Morus fut cité devant la barre du banc du roi, le 7 mai 1535, pour s’y voir accuser du crime de haute trahison. Il y avait un peu plus d’un an qu’il languissait à la Tour.

Il vint de la prison au palais de Westminster, à pied, malgré la longueur du chemin, s’appuyant sur un bâton, tant il avait été affaibli par les rigueurs de sa captivité, le corps voûté par la maladie, mais le visage calme et serein[1]. Les juges étaient : Audley, le lord chancelier ; Fitz-James, le lord chef de justice ; sir John Baldwin ; sir Richard Leister ; sir John Port ; sir John Pilman ; sir Walter Luke ; sir Antony Fitz-Herbert.

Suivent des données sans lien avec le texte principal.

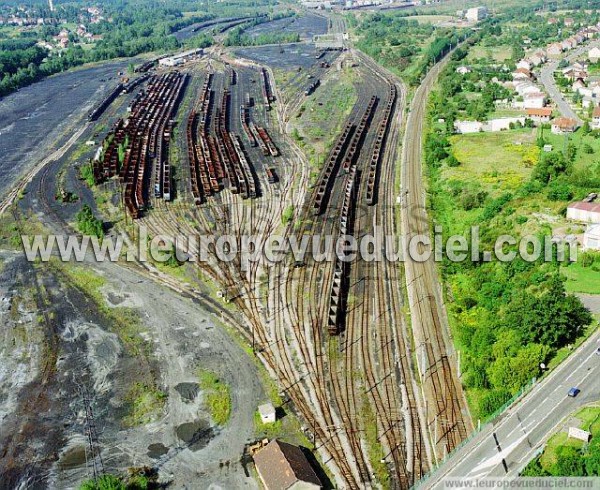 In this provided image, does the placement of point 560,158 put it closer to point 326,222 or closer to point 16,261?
point 326,222

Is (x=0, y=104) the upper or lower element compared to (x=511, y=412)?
upper

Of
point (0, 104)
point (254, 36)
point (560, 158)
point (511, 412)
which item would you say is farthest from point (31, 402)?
point (254, 36)

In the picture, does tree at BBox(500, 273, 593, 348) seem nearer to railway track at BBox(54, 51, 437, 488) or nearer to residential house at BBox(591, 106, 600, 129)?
railway track at BBox(54, 51, 437, 488)

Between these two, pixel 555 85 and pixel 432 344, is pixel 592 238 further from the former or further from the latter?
pixel 555 85

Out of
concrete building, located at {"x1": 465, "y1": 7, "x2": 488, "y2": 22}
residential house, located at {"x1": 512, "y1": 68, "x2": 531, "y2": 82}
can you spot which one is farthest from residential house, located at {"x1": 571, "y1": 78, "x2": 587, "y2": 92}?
concrete building, located at {"x1": 465, "y1": 7, "x2": 488, "y2": 22}

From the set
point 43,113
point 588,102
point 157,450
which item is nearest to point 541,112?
point 588,102

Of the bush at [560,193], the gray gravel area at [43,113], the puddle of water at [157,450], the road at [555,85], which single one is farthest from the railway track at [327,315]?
the road at [555,85] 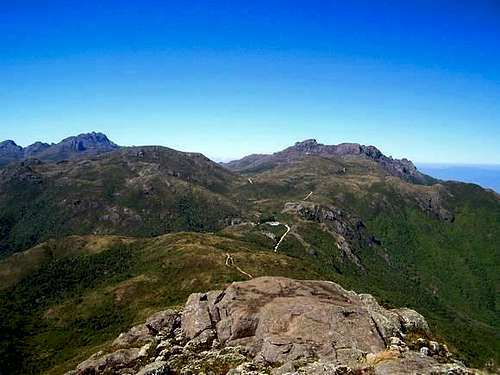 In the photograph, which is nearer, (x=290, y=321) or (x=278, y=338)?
(x=278, y=338)

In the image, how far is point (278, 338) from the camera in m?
67.3

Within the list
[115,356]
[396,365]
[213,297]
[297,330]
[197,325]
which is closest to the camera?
[396,365]

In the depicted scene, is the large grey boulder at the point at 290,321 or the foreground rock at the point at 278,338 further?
the large grey boulder at the point at 290,321

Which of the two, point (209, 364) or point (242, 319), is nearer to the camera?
point (209, 364)

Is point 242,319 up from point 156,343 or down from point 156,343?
up

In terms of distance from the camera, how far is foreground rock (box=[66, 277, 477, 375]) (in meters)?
58.7

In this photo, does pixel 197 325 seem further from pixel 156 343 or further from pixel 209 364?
pixel 209 364

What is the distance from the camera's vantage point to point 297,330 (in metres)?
69.6

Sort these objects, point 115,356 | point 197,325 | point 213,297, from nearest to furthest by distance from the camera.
Result: point 115,356 < point 197,325 < point 213,297

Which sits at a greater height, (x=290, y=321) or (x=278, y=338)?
(x=290, y=321)

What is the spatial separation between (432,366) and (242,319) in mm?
32611

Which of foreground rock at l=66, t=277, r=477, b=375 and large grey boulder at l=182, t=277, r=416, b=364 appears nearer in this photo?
foreground rock at l=66, t=277, r=477, b=375

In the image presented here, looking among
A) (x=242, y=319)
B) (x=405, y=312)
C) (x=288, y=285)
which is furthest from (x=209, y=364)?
(x=405, y=312)

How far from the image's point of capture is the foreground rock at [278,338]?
193ft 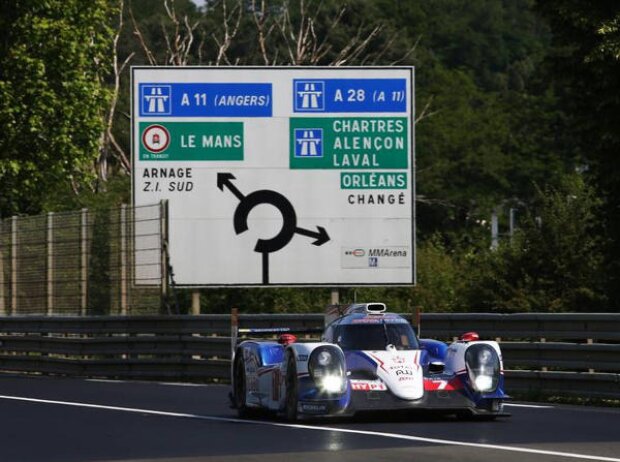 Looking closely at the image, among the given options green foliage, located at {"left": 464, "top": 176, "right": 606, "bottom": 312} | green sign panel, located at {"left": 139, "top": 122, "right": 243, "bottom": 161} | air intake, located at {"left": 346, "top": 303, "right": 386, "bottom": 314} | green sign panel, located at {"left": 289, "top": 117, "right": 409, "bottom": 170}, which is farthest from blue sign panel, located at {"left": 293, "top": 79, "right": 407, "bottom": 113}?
air intake, located at {"left": 346, "top": 303, "right": 386, "bottom": 314}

Ces personnages composaient le banc du roi, lequel était chargé de diriger les débats, de recueillir le verdict du jury, et d’appliquer la peine.

L’attorney avait bâti un acte immense d’accusation, selon la pratique des officiers royaux de tous les temps, qui est de grouper mille crimes imaginaires autour de celui qu’on ne peut pas préciser. On avait espéré l’embarrasser dans ce chaos de détails, et énerver sa défense en l’éparpillant. Il vit le piége, et, dans l’interminable lecture de l’attorney, il distingua quatre chefs dont la réfutation devait faire tomber tout le procès et sauver son innocence, sinon sa vie. L’attorney, dans ses conclusions, le déclarait traître au roi et au royaume, pour avoir nié la suprématie spirituelle du roi, au principal, et pour mille autres crimes au particulier.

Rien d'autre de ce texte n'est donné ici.